After the pandemic reached the U.S., cardiovascular physiologist Loren E. Wold, PhD, became instrumental in the creation and distribution of COVID-19 test kits across his state of Ohio. Wold is professor of nursing and medicine, assistant dean for biological health research and director of the Biomedical Laboratory at The Ohio State University College of Nursing in Columbus.

After non-essential research was shut down on campus, Wold was restless working from home when the vice dean for research called him and asked if he would oversee the process of making test kits. “Initially, that was an opportunity for me to get to go into the office as an essential COVID-related researcher, so I jumped at the chance,” he says. “Very quickly, my lab basically took over the entire process.”

It was early April and the university was making about 1,000 test kits a day. That number needed to ramp up significantly, so Wold and his research team of about 15 people transformed his two lab spaces and took over six more in the building.

Faculty and staff from across the university offered to help, from other physiologists to faculty from the colleges of medicine, nursing and engineering. Even a few coaches volunteered. In a few weeks, the team was making over 10,000 test kits a day. Eventually, they made nearly 300,000 kits. Demand slowed down after a couple of months, and by June 15, production was scaled back to 2,000 to 4,000 kits a day with newly hired staff.
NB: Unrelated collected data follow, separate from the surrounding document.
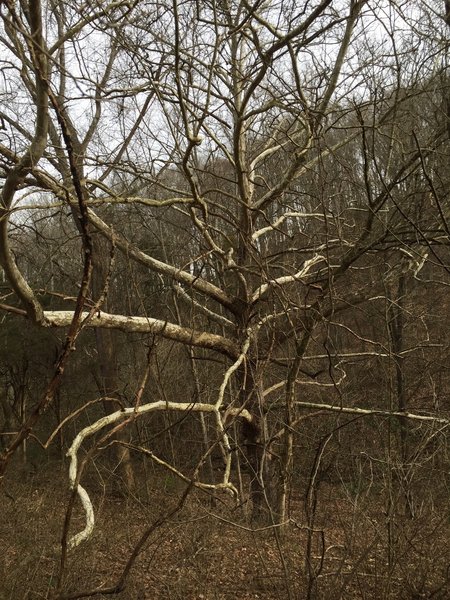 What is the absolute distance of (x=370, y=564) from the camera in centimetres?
427

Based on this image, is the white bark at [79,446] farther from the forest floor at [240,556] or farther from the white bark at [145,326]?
the white bark at [145,326]

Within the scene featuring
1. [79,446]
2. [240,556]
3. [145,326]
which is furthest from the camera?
[240,556]

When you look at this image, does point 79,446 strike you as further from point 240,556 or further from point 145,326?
point 240,556

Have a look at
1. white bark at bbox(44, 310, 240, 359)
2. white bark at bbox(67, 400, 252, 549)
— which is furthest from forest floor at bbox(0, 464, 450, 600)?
white bark at bbox(44, 310, 240, 359)

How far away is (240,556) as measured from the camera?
6484 millimetres

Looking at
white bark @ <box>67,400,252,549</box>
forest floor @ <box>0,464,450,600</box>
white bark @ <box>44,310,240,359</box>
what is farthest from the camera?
white bark @ <box>44,310,240,359</box>

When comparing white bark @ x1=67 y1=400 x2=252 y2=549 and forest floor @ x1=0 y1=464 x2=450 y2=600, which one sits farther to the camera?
forest floor @ x1=0 y1=464 x2=450 y2=600

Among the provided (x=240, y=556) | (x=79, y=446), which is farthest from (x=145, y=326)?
(x=240, y=556)

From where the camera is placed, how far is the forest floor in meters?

Researchers were given back their labs. 

At the beginning, everything was on backorder: test media, sterile conical tubes and long nasal swabs. So, a colleague of Wold’s created the university’s own medium, which they dubbed Buckeye Media, after the university’s mascot. They began making it in-house and were soon making 250 liters of media a week.

For tubes, the team gathered up a supply from the university labs’ own stock until their order of 1 million tubes arrived. The next challenge was finding swabs. “We had set up the capabilities to do our own 3D printing of swabs, but … to be able to produce what we needed, it was going to take a ton of time with the manufacturing capabilities we had,” Wold says. Luckily, he says, more manufacturers began making swabs and they were able to order what they needed.

Figuring out the production process was the biggest learning curve, he says. “Now it’s wonderful because I’ve met people from all over campus I probably would have never met before. … I had never worked with anything related to supply chain, having to order on these levels. I had to get to know the people at such a huge university who were the ones that could make this happen—those in supply chain, those in leadership and those in the business operations who had to sign off on all these things.”

The Work Continues

As fall arrives, physiologists and other scientists across the U.S. continue to brainstorm on ways they can contribute to the study, prevention and treatment of COVID-19. At Mayo, Joyner says being a physiologist helped him pivot from his research to leading the convalescent plasma program.

“Sometimes it’s better to be a generalist than a specialist because we did not know all the limitations to what we were doing,” he says. “We didn’t really know why we couldn’t do this, and we didn’t know how things had been done in the past.”